Таким образом, чадра была вызовом, а способность заглянуть под нее – главным опознавательным знаком власти и престижа, ведь в рассказах Райкота и других один только султан имел на это право. Французский поэт-романтик Жерар де Нерваль, написавший “Путешествие на Восток”, выбрал фокусом своего внимания не Турцию, а другую левантийскую страну, которая тоже долгое время вызывала стойкий интерес у европейских путешественников, начиная с Гюстава Флобера и заканчивая Лоренсом Дарреллом, а именно Египет. Пожалуй, сегодня многим жителям Запада Египет представляется лишенной всякого эротического ореола страной, где царит политическая диктатура и нищета, где полно уличных попрошаек и назойливых зазывал. Но для Нерваля, как и для Флобера, Египет еще был краем дразнящей чувственности, “страной загадок и тайн”, которая одновременно и обескураживала путешественника, и побуждала его “приподнять краешек сурового покрывала”.
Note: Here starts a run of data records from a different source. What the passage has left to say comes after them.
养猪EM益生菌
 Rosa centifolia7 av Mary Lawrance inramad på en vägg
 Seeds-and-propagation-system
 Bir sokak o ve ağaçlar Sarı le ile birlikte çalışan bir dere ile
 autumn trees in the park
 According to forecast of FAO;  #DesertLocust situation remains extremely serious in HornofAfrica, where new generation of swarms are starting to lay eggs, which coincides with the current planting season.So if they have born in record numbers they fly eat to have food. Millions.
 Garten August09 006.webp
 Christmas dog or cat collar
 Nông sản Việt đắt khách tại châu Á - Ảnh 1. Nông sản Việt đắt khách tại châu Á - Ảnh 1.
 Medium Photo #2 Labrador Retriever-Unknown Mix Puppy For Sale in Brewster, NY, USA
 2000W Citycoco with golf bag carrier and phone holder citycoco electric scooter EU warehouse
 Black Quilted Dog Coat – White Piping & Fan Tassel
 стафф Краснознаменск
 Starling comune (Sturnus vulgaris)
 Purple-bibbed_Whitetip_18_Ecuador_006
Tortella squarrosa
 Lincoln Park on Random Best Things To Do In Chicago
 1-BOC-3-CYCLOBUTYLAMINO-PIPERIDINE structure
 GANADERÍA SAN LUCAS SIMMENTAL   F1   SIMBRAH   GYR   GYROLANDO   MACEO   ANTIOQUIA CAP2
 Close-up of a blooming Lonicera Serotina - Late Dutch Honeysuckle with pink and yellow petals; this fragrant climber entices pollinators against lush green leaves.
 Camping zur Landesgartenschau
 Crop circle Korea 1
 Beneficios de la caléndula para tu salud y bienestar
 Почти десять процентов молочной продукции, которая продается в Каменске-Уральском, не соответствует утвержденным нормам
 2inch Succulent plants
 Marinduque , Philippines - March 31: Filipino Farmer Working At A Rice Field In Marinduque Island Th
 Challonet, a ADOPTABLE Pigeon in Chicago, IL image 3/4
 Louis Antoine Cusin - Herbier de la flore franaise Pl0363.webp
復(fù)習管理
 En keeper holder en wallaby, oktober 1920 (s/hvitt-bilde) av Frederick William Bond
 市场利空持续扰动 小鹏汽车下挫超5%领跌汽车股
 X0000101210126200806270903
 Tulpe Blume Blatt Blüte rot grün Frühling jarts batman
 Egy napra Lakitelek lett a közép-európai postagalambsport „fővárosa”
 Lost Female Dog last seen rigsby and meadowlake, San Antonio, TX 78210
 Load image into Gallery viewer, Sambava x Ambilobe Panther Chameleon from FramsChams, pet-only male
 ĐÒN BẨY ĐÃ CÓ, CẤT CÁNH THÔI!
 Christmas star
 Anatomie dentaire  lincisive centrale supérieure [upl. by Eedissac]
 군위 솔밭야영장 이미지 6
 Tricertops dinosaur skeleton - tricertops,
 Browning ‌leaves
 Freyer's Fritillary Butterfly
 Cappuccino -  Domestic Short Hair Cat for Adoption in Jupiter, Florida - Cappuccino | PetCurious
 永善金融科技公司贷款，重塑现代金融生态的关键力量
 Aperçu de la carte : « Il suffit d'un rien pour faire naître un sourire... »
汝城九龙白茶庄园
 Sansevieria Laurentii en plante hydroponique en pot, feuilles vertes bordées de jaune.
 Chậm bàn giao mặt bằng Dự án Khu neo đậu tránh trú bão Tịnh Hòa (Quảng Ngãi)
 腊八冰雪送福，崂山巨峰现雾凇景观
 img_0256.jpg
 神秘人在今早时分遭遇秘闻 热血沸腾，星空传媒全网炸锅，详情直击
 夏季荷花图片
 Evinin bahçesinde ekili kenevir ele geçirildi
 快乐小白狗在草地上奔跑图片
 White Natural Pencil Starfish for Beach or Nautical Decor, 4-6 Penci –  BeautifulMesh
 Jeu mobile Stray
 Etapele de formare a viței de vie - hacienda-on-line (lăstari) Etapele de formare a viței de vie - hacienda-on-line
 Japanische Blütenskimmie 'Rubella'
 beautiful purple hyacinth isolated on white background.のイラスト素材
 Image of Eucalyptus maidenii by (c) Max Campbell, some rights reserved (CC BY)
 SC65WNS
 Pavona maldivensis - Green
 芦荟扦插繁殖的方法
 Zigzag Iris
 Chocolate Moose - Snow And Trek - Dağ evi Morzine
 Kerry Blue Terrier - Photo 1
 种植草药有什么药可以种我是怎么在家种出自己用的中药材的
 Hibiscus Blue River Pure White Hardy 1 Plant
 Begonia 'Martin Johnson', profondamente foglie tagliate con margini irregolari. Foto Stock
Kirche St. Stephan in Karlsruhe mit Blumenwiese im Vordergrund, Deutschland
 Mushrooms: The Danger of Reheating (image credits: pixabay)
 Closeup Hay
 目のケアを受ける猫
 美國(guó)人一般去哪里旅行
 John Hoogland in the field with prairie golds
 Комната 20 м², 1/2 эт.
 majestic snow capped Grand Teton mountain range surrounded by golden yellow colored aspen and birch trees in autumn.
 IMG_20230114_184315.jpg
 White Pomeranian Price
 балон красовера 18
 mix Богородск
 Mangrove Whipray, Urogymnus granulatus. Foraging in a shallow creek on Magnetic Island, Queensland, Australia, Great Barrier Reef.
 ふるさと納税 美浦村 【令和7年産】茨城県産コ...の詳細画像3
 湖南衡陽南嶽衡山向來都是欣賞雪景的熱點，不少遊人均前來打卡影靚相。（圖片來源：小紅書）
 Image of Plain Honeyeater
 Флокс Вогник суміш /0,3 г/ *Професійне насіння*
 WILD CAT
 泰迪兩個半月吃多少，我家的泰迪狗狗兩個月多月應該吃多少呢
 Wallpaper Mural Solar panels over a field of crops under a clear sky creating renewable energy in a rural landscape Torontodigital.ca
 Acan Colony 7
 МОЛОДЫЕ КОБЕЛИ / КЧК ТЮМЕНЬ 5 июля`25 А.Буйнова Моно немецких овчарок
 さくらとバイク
Нерваль оставил заманчивое описание египтянок, точнее того немногого, что они позволяли увидеть: “Прекрасные пальчики, унизанные кольцами-талисманами, запястья в серебряных браслетах, а то и точеная, словно из мрамора, рука выглядывают из-под широких, поднятых до плеч рукавов; браслеты на щиколотках серебристо позвякивают, и при каждом шаге слетают с ног бабуши [восточные тапочки]; этим можно любоваться, это можно угадать или подсмотреть, не вызывая недовольства толпы и, кажется, не привлекая внимания самой женщины”.
Восток, как выразился один ученый, вызывал “эротическую потребность видеть за покровом воображаемую наготу”. Это отражало, писал он дальше, “и самое буквальное стремление срывать покровы с восточных женщин, чтобы удовлетворить вуайеристское желание увидеть их скрытые тела”. Ключом к этому оставалась власть – властное право приподнимать покров, раскрывать уже не очень-то тайную тайну, которая успела породить среди европейцев три особых вида деятельности. Во-первых, они занялись написанием книг о гареме (например, Райкот, Хилл и Монтегю), состязаясь между собой, кто раскроет больше секретов, касающихся потаенной гаремной жизни. Во-вторых, появилось нечто вроде сексуального туризма – и, как мы увидим, не кто иной, как Флобер, стал одним из пионеров такого времяпрепровождения, которому в различных формах предавались на протяжении двух веков мужчины из Европы и Америки, исследовавшие эротические возможности, доступные на Востоке и совершенно немыслимые на Западе. А в-третьих, они начали применять силу, чтобы пользоваться этими возможностями. Колониализм и военные победы довершили дело. Привлекательность скрытого под чадрой Востока соединилась с мощью колониальных завоеваний, и то, что зарождалось в виде чистой фантазии, сделалось повседневной реальностью, приобретая в последнее время самые массовые и вульгарные формы.